Кабальные побрели дальше по тракту, а Хлопьев задумался: а не о той ли горе говорил вогул, куда их сейчас гнали?
Поручик уже давно потерял счет времени: из-за невыполнения установленной приказчиком нормы, он не выходил из-под земли столько, что горная пыль въелась в кожу и легкие, заставляя то и дело заходиться жутким кашлем; зрение ослабело из-за вечного сумрака, лишь слегка разгоняемого жутко чадящей сальной свечой в фонаре на поясе; кожа на ладонях ороговела от постоянной работы киркой. Ему казалось, что весь мир сузился до забоев и ведущих к ним низких, вынуждающих ходить пригнувшись тоннелей, чьи своды подпирала деревянная крепь, местами прогнившая и грозившая надломиться в самый неподходящий момент.

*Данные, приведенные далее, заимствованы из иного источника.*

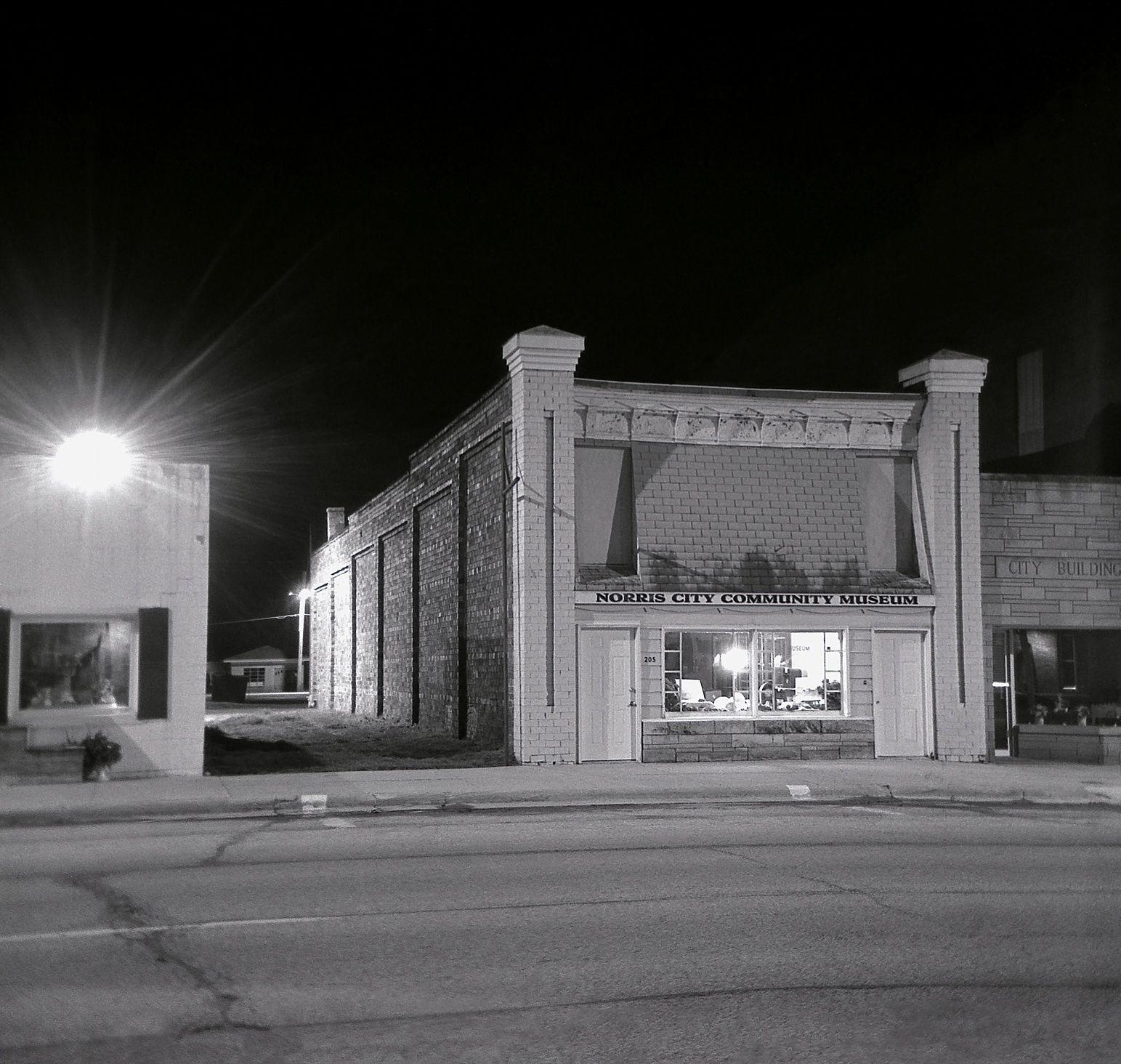 Norris City Community Museum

Иной раз, проходя по одному из множества тоннелей, поручику казалось, что трухлявые бревна так и стонут от непомерной тяжести, давящей сверху. В такие моменты он инстинктивно ускорял шаг и пытался пройти как можно дальше, отлично понимая, что это абсолютно бесполезно: если свод не выдержит веса земных масс в одном месте, то в считанные мгновения обрушится весь тоннель, а за ним — и все соседние.
«Служил ли я в армии, бывал ли в Петербурге?» - молотя киркой по нехотя отделяющейся от пласта породе, думал Савелий. «Может, я всегда был приписным крестьянином, вынужденным горбатиться на барина, а воспоминания о прошлом — лишь морок, дарующий ложную надежду, что выберусь отсюда когда-то? Или где-то рядом бродит коварный «горный дух», при вдыхании коего пьянеешь хуже, чем с хмельного, да еще и видеть начинаешь то, чего нет?».
Единственной отдушиной, помогавшей окончательно не помутиться разумом для Савелия был кусочек неба, который он видел из колодца с бадьей, куда грузили наломанную руду. Проблема была в том, что к бадье приставники допускали только тех, кто вез полную тачку породы — остальных плетями гнали добирать норму, - а у Савелия, не привыкшего к подобной работе, тачку получалось наполнять, от силы, раза четыре за день. Впрочем, даже те несколько минут, что он проводил подле бадьи, как можно медленнее выгружая содержимое рудничной тачки, помогали ему на какое-то время придти в себя и, скрепя сердце, идти в глубины чудских копей, помня о задании Татищева.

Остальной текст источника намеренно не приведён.